### Problem details
Output each line of the data below exactly, omitting any image.

[Opening Data below section]

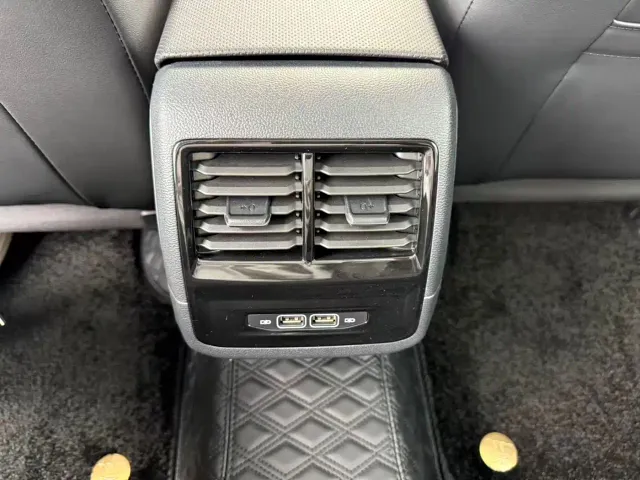 Volkswagen Sagitar — Фото автомобиля 7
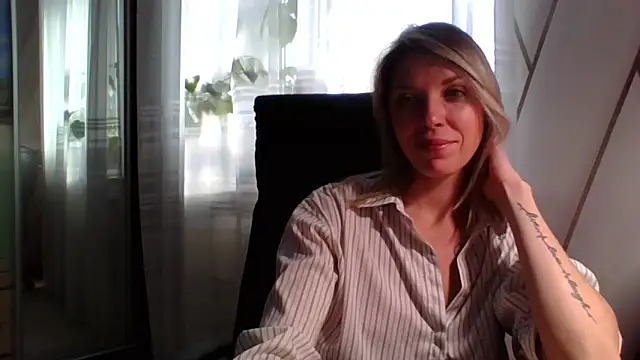 VelvetLove287 online show from February 14, 2026, 2:28 pm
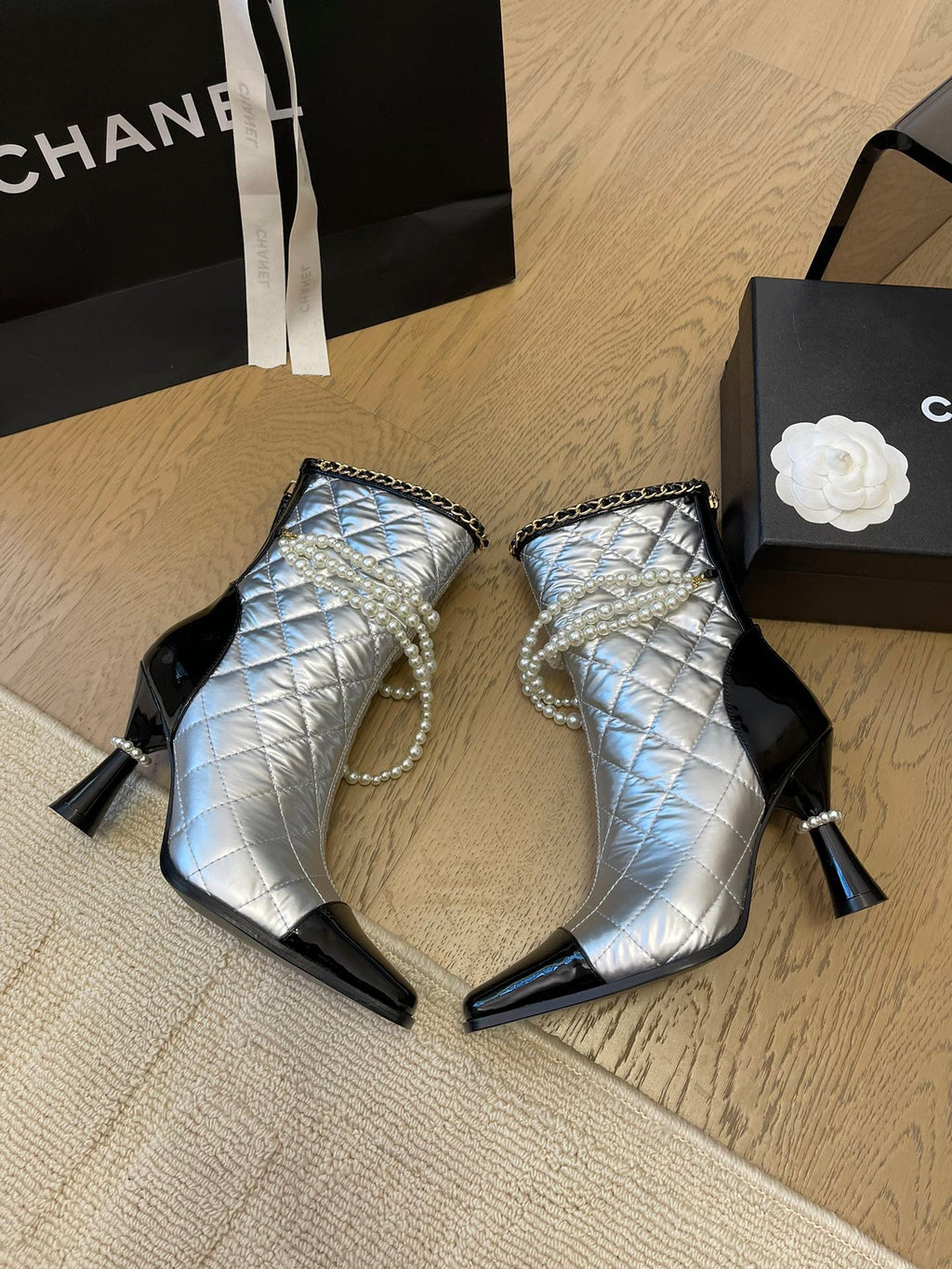 CHANEL HIGH HEELS 8CM BOOTS IN SILVER MIX BLACK CALFSKIN WITH PEARL CHAIN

[Closing Data below section]

### Task answer
 Volkswagen Sagitar — Фото автомобиля 7
 VelvetLove287 online show from February 14, 2026, 2:28 pm
 CHANEL HIGH HEELS 8CM BOOTS IN SILVER MIX BLACK CALFSKIN WITH PEARL CHAIN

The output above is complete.